# Windows Boot failure and Hard Disk Crash



## shabin5785 (Dec 24, 2014)

Hi,

My Work Machine (with win 7) fails to boot. It is stuck at the windows logo. Now the IT support guys in my Office tells me that my Hard disk has crashed. And i have no way to validate this. So.

Would a hard disk crash cause this failure for windows?

I tried start up repair. This loaded windows files , but then went to a screen with light blue haze and was stuck there. I had used the system previous day as well and has not faced any BSOD till now. Is it really hard disk failure?
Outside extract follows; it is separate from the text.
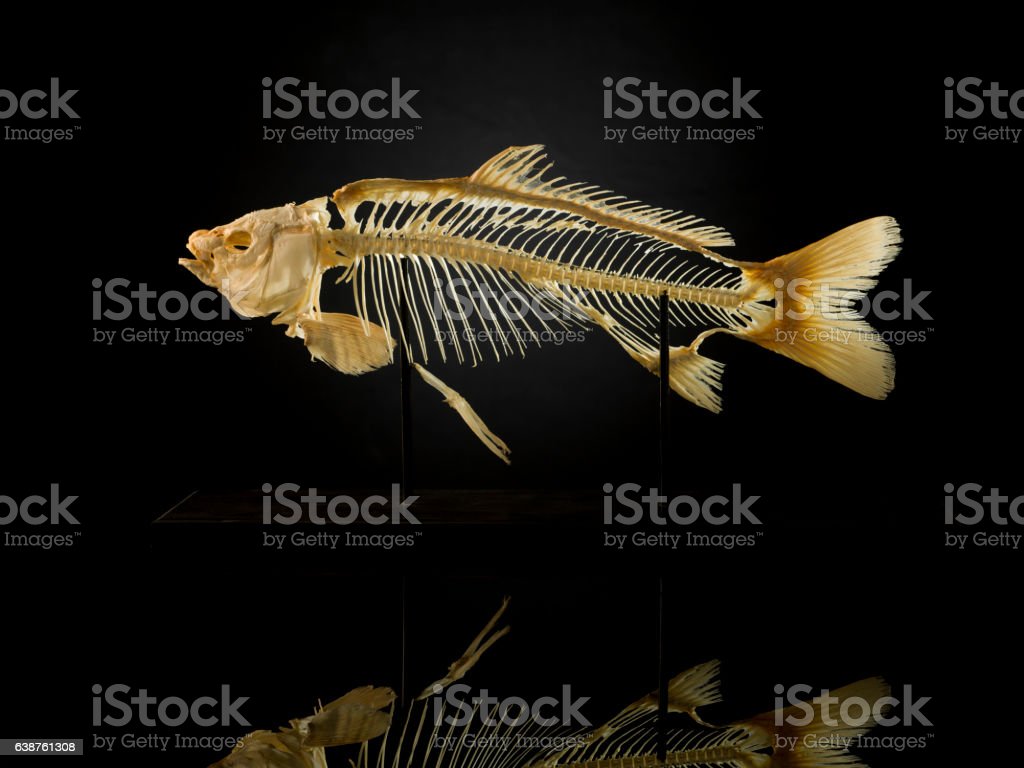 Detail Gambar Kerangka Ikan Nomer 4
Even if its a Hard Disk failure, cant the data be recovered? The IT guys are telling me that the HD is not detected as an external device itself. For some reason i cannot believe that. 

Any pointers?


----------



## whitestar_999 (Dec 25, 2014)

to confirm hdd failure you need to run S.M.A.R.T. values test.if windows is running you can check these values by running portable zip version of crystaldisk info software which does not need to be installed.if windows is not running then you need to boot your pc from a cd with such software to check these values.see this to boot from cd or usb:
SeaTools for DOS and Windows - How to Use - Windows 7 Help Forums


----------



## bssunilreddy (Dec 25, 2014)

Run it in safe mode and see that in the bios it is set in AHCI mode only. Todays HDD's run in AHCI mode which is a newer SATA interface for faster communication between the devices.

Update your Bios to the latest version.


----------